Try searching 'free template' on furaffinity to find some free to use blanks for you to color and put notes on.


----------



## Yarik (Feb 28, 2016)

*Is it acceptable among the community to 'copy' another art piece for the general face shape, with a different color pattern?*
Honestly, there are only "so many" face shapes available. Even when going "original" the face ends up being similar to something. If you like the Sergal face shape but don't want a Sergal there is nothing wrong with asking an artist to do "something alike to a Sergal head." It's only rude to claim it was your own idea. If somebody asks then you can always say "yes it was inspired by XY". It's ok. 
Personally I'm always happy when commissioners have favorite pictrues/design to show.

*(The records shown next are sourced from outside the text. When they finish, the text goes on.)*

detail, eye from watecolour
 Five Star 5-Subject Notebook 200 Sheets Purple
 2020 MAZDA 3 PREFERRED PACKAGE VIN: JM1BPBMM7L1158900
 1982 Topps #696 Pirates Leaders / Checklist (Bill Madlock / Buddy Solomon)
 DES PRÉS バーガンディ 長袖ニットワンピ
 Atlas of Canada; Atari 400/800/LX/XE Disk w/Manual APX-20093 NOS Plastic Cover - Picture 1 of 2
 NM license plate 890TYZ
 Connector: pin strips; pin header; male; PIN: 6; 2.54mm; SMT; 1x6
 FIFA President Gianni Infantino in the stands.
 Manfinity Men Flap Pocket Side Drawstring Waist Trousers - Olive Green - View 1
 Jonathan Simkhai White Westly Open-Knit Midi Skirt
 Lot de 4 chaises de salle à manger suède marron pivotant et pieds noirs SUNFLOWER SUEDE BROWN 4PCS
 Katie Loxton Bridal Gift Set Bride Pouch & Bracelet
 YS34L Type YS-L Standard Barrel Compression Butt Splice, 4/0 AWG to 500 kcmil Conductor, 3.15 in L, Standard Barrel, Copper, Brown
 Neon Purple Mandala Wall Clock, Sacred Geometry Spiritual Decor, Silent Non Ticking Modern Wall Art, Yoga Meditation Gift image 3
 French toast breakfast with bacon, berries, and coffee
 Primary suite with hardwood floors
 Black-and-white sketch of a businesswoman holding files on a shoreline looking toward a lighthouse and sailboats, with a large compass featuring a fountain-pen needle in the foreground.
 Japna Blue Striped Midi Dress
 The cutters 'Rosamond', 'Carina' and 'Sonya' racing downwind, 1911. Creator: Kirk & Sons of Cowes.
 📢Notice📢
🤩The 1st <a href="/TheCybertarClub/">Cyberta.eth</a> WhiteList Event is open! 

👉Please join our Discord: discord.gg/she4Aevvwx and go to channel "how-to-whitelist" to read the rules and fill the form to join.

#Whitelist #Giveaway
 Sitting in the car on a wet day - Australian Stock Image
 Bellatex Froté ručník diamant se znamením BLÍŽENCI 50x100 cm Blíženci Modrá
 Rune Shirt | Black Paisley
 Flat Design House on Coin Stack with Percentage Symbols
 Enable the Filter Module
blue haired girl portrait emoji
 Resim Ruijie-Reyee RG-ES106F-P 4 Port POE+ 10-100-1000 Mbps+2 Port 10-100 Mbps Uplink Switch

It instantly tells me all their preferences and I can work with that a lot better than plain text. (But it might be different for other artists)

*How much will an artist put up with my gripes about how I want my fursona to look?*
Many artists charge more for references/first time designs. I guess that they already calculate the possibility to have to re-design it a lot. The best thing to do is to look for artists that have a good history on drawing references as commissions. They have good experience in how to work with first-time-designs and communication in general. 
In my personal experience first-time-designs work with a lot of back and forth communication as well as many many maaaany edits and re-draws. Communication is the key here. Try to avoid picking an artist whom seems to be a roulette-type. (You order something and the next time you hear from them they deliver the completed work. This is not what you want. You want an interactive design process!) I also saw some artists doing streams. This might be a perfect way to finalize the design. Sadly I don't remember which artist did those (the price also was fairly high if I remember correctly).

You could also try to open a thread in this forum (Art Sales and Auctions), name your budget and say what you're looking for as well as stating that you'd like an interactive process where you can take a lot of influence during the sketch stage. This one would be especially good if you can't find a suitable artist on your own or don't know any that would work with your budget. 

To answer the question directly: It depends on the person you're dealing with. I know some artists that no longer do designs because it's such a huge time investment and the payment falls flat compared to it. But there are also people that are willed to do it because they love helping bringing something to live. At least that's how I feel when I invest a lot of time into it. First-time-designs are really different from regular commissions. 


I hope this helped :V


----------



## Copperwuff (Feb 28, 2016)

Hai durr! Nice to meet you. Here's my take:

You definitely DO NOT want to copy. I can't draw well, so I used line art -- and make sure that's free for you to use. It took me about a month to figure out Copper. If you have the species and colors down, good for you! You just need to plan it out effectively.

Like Sforzie said, every artist has their own prices.. but realize that more complex characters often take longer to do, and might be more expensive to commission. And by complex, I mean like 400 wings, jewelry everywhere, 20 colors... lol.

When you say "gripes," I'm sure that artists will be totally accepting. Just be nice to them, and they'll be nice to you. 

If you know any friends of yours that are artists off hand, ask them for help. The most important thing here is communication. Just be respectful. A little bit of humility and respect can go far. :3


----------



## FluffyStryker (Feb 28, 2016)

Thank you everyone for clearing that up some! Just going to find and talk to some artists now- might as well post here when I get it commissioned too so y'all can see it!


----------



## WolfNightV4X1 (Feb 29, 2016)

You can 'copy' in the sense that you are not tracing, using exactly similar features, or trying to be another persons fursona; otherwise it is okay to draw similarities in what you like but make it different so you have your own spin on it. Nobody quite owns a general idea for a design, so as long as its not a hard attempt at copying its okay. If you want further reassurance you can always contact the  owner of the design and let them know your intentions and if you can use a similar design aesthetic from theirs as reference.

With price it varies far too much and you wont get a clear answer, it depends entirely on the artist.

Most artists when commissioned for artwork will accomodate all needs and ideas of a commissioner so long as they are respectful and clear in what they want. In fact detail is better because an artist wants to know theyre getting it right, too.  In fact having your fursona planned out in detail is significantly better and youre a step ahead already.


----------



## Jack the wolf (Aug 22, 2019)

Look I’m not good at drawing so I would recommend using a free base to make your fursona because that is what I’m gonna do


----------